I agree that this last round in the housing bubble drama has gotten people’s attention. I used to be happy when the MSM even mentioned the possibility that this is a housing bubble. The narrative has now turned into “crisis” reporting. The media loves that stuff. I have a feeling we will be hearing alot from the “it’s not that bad” crowd. I found this quote on socalbubble regarding the opposite camps argument;
“The subprime sector is too small to have such a big impact, according to Robert Froehlich, who is chairman of the investor-strategy committee at DWS Scudder, a division of Deutsche Bank AG.
“For all this to occur, the subprime-mortgage collapse has to be big enough and important enough to set the wheels in motion. And the fact is that it isn’t,” he wrote in a market commentary Monday. “It will be the most hyped disaster that never occurred since Y2K.”

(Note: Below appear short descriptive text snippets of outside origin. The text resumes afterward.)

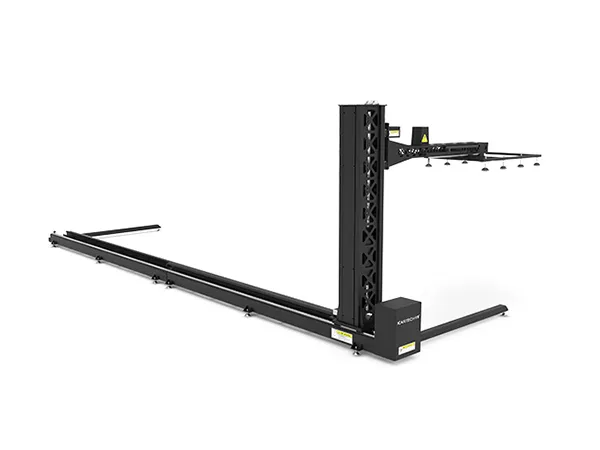 AF-500 Intelligent Feeding Control System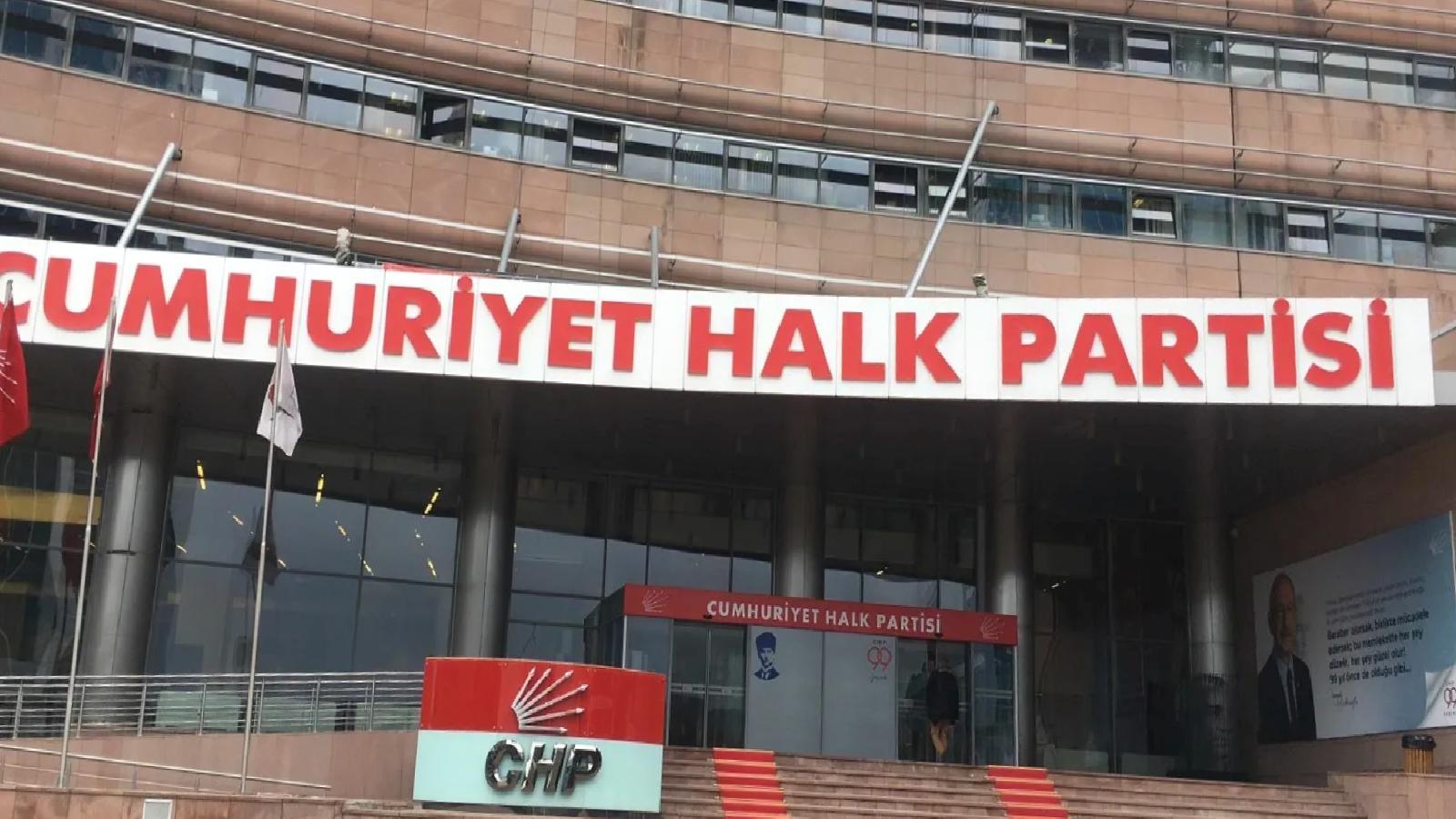 CHP’den 26 maddelik 1 Mayıs manifestosu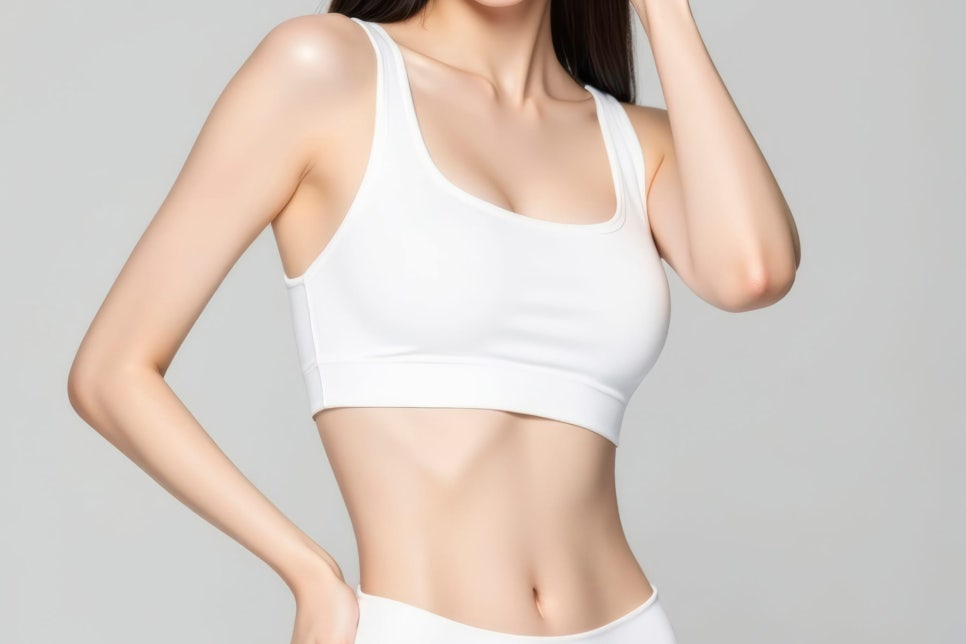 하이브리드 가슴성형, 자연스러운 모양과 볼륨을 함께 고려한다면 관련 이미지 8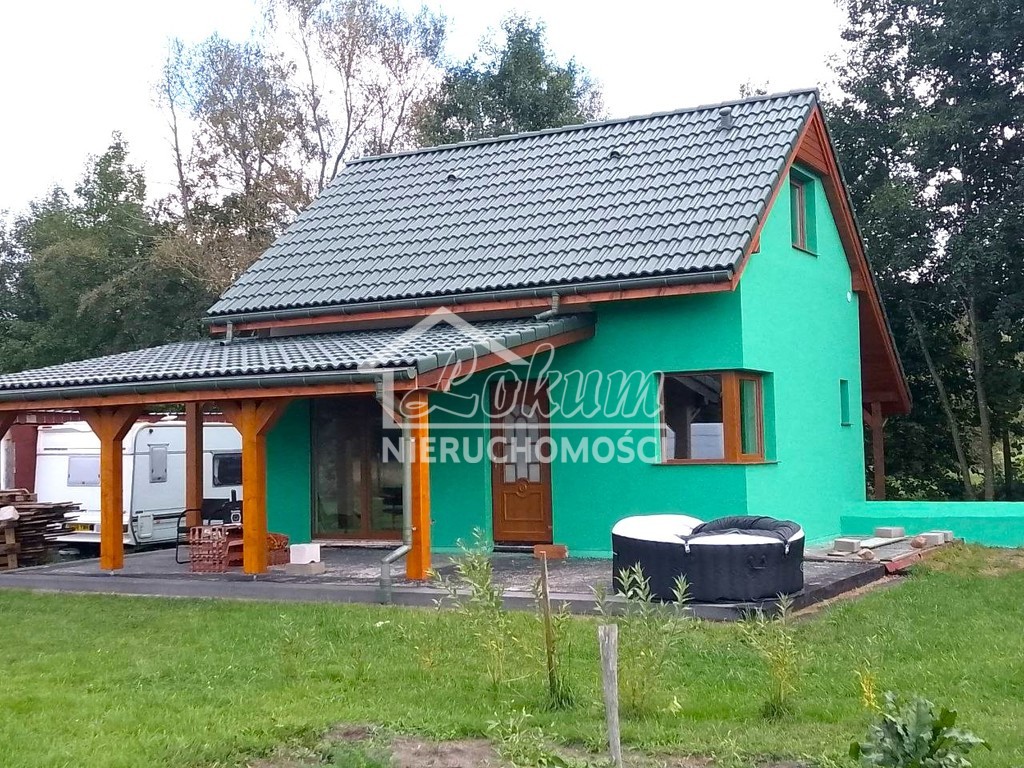 Dom 70&nbsp;m², Redliny - zdjęcie 2
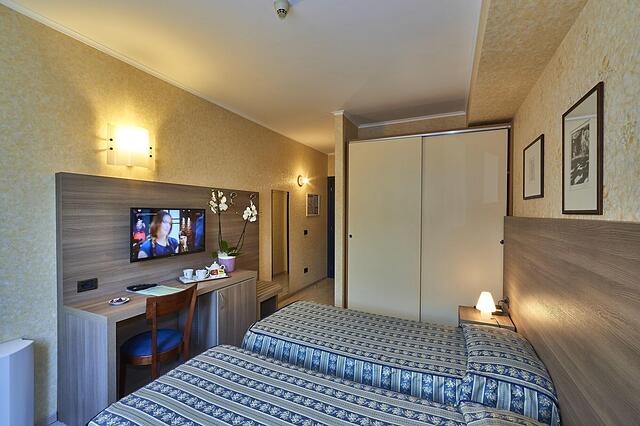 Hotel Alberi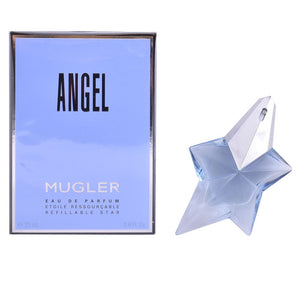 Angel Women 0.85 oz Eau de Parfum Refillable Spray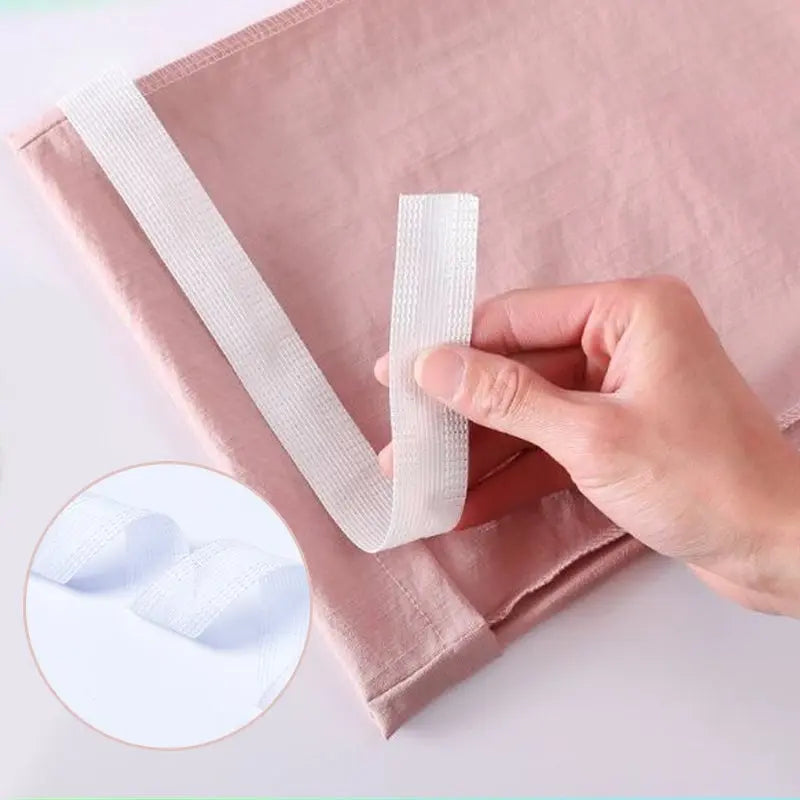 2+1 Gratis Selbstklebender Hosensaum-Kürzer Mivoza Deutschland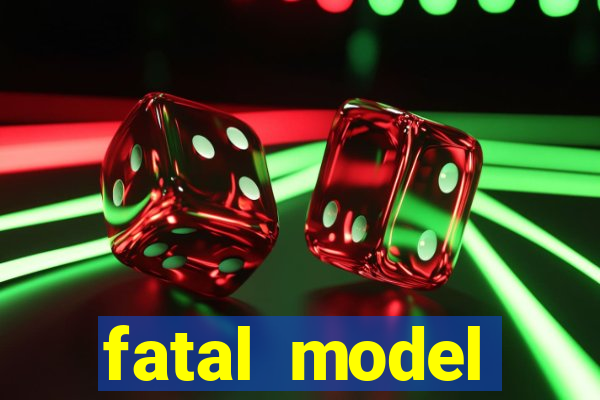fatal model itamaraju bahia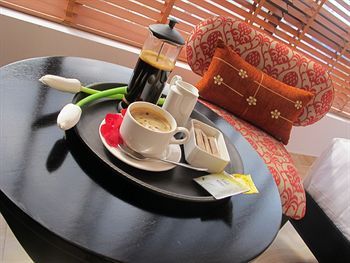 In-Room Amenity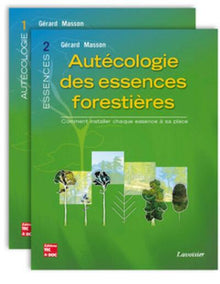 Autécologie des essences forestières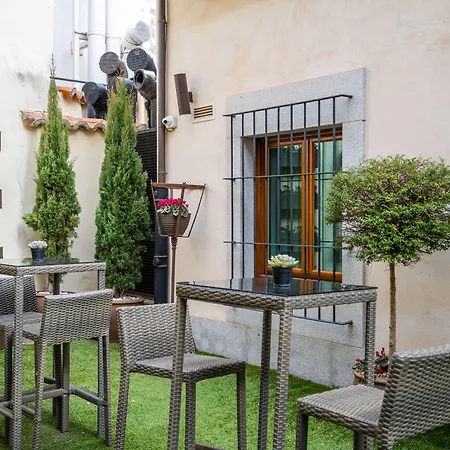 Grand Don Gregorio Salamanca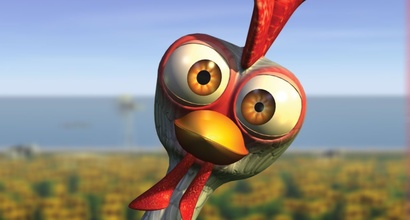 Трейлер (русский дублированный)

Froehlich said Monday that, like Y2K, investors are worrying too much about a subprime-fueled disaster that probably won’t happen.
“The subprime-mortgage market is big, but it’s not big enough to push the U.S. economy into a recession by causing a credit crunch,” he added.
During the peak of the industry’s growth in 2004 and 2005, about 3.2 million homes were purchased with a subprime loan, Froehlich estimated. That’s about 2.8% of total U.S. households, he wrote.
If 30% of those subprime homeowners fail to make their payments, fewer than 1 million households would be “out of luck and out on the street,” Froehlich projected.”
Personally I like to call this the “It’s only a flesh wound” argument. But I’m sure you will be hearing a chorus sing (spin) this tune. IMO they will not be able to spin their way out of this. The last series of events are hitting like a freight train. As I mentioned this has Joe Sxipack’s attention. This could be a critical turning point in market psychology. I agree with Bill Fleckenstein and anticipate a market freeze over the next three to six months. it’s definitely getting interesting.